NAIA Sponsors Should Support Student-Athletes

While some college athletes have landed flashy national endorsements, local sponsors have been the primary drivers of NIL in its first few months. Opendorse, the preferred NIL partner of NAIA sponsors, makes it easy to connect with athletes.

Opendorse data shows 62.3% of athlete-earned NIL compensation came from local brands over the first four months of the NIL era, compared to 37.7% for national brands. And small businesses can enter the NIL game without a massive marketing budget. A couple hundred bucks or free product can secure a partnership with a sports star in your town.

“$30 pays for my groceries!” NIL pioneer Chloe Mitchell, a Women’s Volleyball player at NAIA school Aquinas College, told Front Office Sports.

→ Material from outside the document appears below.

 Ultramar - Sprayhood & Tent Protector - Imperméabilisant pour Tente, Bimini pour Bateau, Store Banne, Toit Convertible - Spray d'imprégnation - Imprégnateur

It’s why the NAIA’s first-of-its-kind partnership with Opendorse is so important for its 77,000 student-athletes and the countless companies that support their programs. It’s why every athlete should explore NIL opportunities, especially considering many are not receiving athletic financial aid.

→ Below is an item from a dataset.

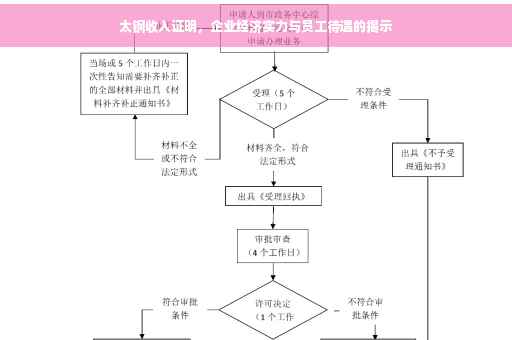 太钢收入证明，企业经济实力与员工待遇的揭示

“There are more local businesses than you’d know that are willing to help student-athletes out, willing to give them that opportunity to share on social media, to spread awareness about their business,” said Kansas State quarterback Adrian Martinez. Martinez has been active in NIL at the NCAA Division I level. “There are so many opportunities out there, and definitely some that will be perfect [for you].” 

Like Martinez and Mitchell – a star DI quarterback and a freshman NAIA volleyball player – athletes across the country are already cashing in at every level.

Tucker La Belle is another NAIA student-athlete who has been active earning money though NIL.

“We got to be pioneers in the name, image and likeness movement,” La Belle, a Men’s Lacrosse player at Clarke University, told The Gazette. “If I break a shaft or I break a stick, [True Temper Lacrosse] send it the next day, and I have another one for the next game. The amount of gear I’ve gotten for free is insane.”

Dominic Brown is a freshman guard on the Men’s Basketball team at Southwest Mississippi Community College (NJCAA). He linked up with Solepack to secure the first NIL deal for a JUCO player.

“This new NIL rule should not only celebrate an athlete’s on-court feats, but also demonstrate how to use sports as a vehicle towards lifelong success off of the court; regardless of the hype, rankings, or level of play,” said Solepack CEO Mike Sala. “We are making sure the underdogs have a seat at the table.”

Ashland University (NCAA Division II) Track & Field athlete Trevor Bassitt has established himself as a leader in NIL, creating his own merchandise line among a host of other opportunities.

And the entire Whittier Poet Football team (NCAA DIII) connected with a local restaurant for a large-scale deal.

Small businesses can creative and find the perfect partner through Opendorse.


Local companies financially supporting athletes is just one part of the equation. Fans are doing the same. 

Danielle Hart, middle blocker from Wisconsin Women’s Volleyball, owns and operates her own art business. She quickly learned “fans like absolutely want to support athletes.” 

Opendorse’s Pitch Anything feature gives supporters a direct link to athletes in their community. 

“I just recorded the video [for a volleyball team], uploaded it to Google Drive, emailed it off to them, and they paid me through the app.” Hart’s teammate Dana Rettke explained. “It was super simple, super easy. It’s really fun to get to be able to connect with people like that in the volleyball community — and the community in general — because of the big impact we can have on young athletes. I love to do that kind of stuff.” 

It’s easy for brands and fans to set up an Opendorse account so they can start supporting athletes. It’s all about creating mutual value and building a sense of community together.

“No matter how old I get, my community is going to be there,” said Al Blades Jr., defensive back at Miami. Blades has done excellent work cultivating an online community to go with his South Florida family. “No matter how unathletic I get, my personality is going to be there. Community is the biggest thing you can have around you.”

The smaller the town, the tighter the community.